Очень я жалел, что не удалось нам добить наших фамилий, и просил закончить работу Владимира Юльяновича. Впоследствии он сообщил мне через кого-то на Медвежью Гору, что надпись закончил.

А на Медвежьей Горе мне рассказали, почему у Владимира Юльяновича нет пальца. Он сам отрубил его, раскаиваясь в том, что на следствии кого-то оговорил, или что-то подписал, или как-то иначе вел себя недостойно. Вот почему он был замкнут и часто повторял, что по освобождении будет добиваться службы смотрителем на маяке вдали от людей…

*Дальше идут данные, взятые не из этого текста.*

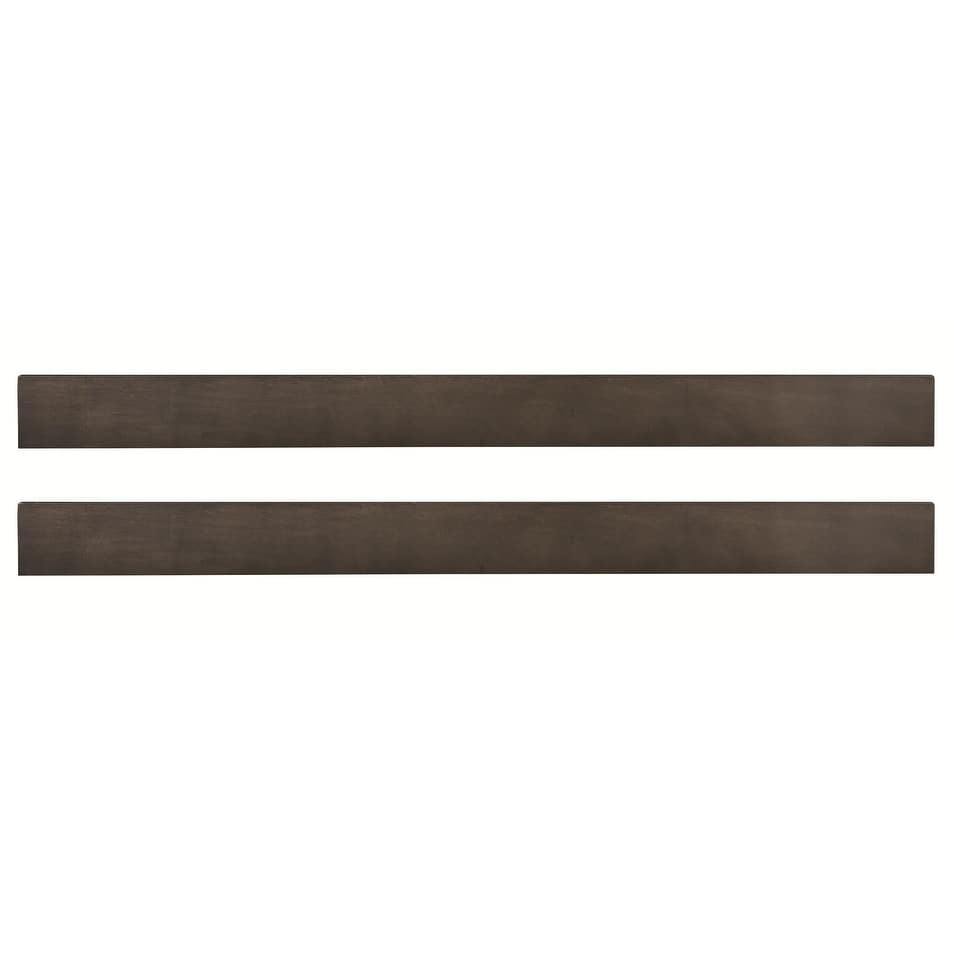 Taylor 76" Wide Farmhouse Full Size Bed Rails, River Rock Brown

Что бы там с ним ни было, мне его очень жаль, и я благодарю его за то, что в моем обществе он находил некоторое утешение…

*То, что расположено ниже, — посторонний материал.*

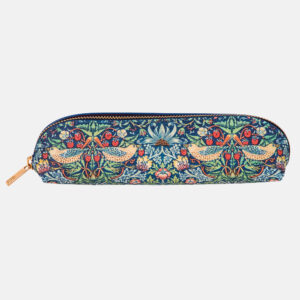 Deluxe Slim Pencil Case - William Morris - Strawberry Thief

Несколько отрывочных воспоминаний

Не подумайте, что Кримкаб, Музей и Солтеатр были единственными местами, где встречались для мировоззренческих разговоров соловецкие заключенные. Познакомился я с молодым человеком (лет 25) Чеховским (забыл его имя и отчество), работавшим на Сортоиспытательной станции (теперь на этом месте аэродром). Он пригласил меня к нему зайти. Было это летом 1929 года. Я поднялся к нему на второй этаж, и за чаем из каких-то листьев он неожиданно спросил меня, как я отношусь к масонству. Я ответил, что знаю о нем очень мало. Он пригласил приходить, чтобы узнать больше, но я, к счастью, отказался.

В разгар создания якобы существовавшего на Соловках заговора «с целью захвата Соловков и последующего свержения советской власти в стране» осенью 1929 г. я встретил между Никольскими и вторыми воротами партию «заговорщиков», которых бегом гнали с допроса в здании УСЛОНа назад в карцер. Конвоиры кричали, щелкали затворами, приказывали всем встречным не двигаться. И вдруг один из гонимых, в котором трудно было узнать еще молодого человека, поздоровался со мною одними глазами. Меня осенило — это Чеховский. Я снял свою студенческую фуражку и низко поклонился ему вслед. Видимо, донесли. Именно этому я приписываю запись на моем деле: «Имел связь с повстанцами на Соловках».

В моих записках, которые я начал делать на Соловках, написано, что где-то около той бухты, у которой меня ловил Дегтярев, находятся могилы «оперированных», т. е., по соловецкой терминологии тех лет, расстрелянных поодиночке. «Операции» происходили днем, жертве сцепляли руки сзади проволокой, быстро два охранника волокли под руки под колокольню (все движение людей на это время во дворе Кремля приостанавливали), две «маслины» (пули) на каждого расстреливаемого, потом приезжала лошадь с ящиком, грузили мертвецов и вызывали женщин мыть лестницу, ведшую вниз, и все остальное. Понурая лошадь везла трупы в сторону «Переговорного камня». И все!

Запомнилась фамилия командира особого отряда, производившего одиночные расстрелы шпаны, — Чернявский, с тяжелым голосом и в щегольских сапогах. Им, между прочим, был расстрелян и мальчишка лет 13-ти, с которым не смогли справиться охранники.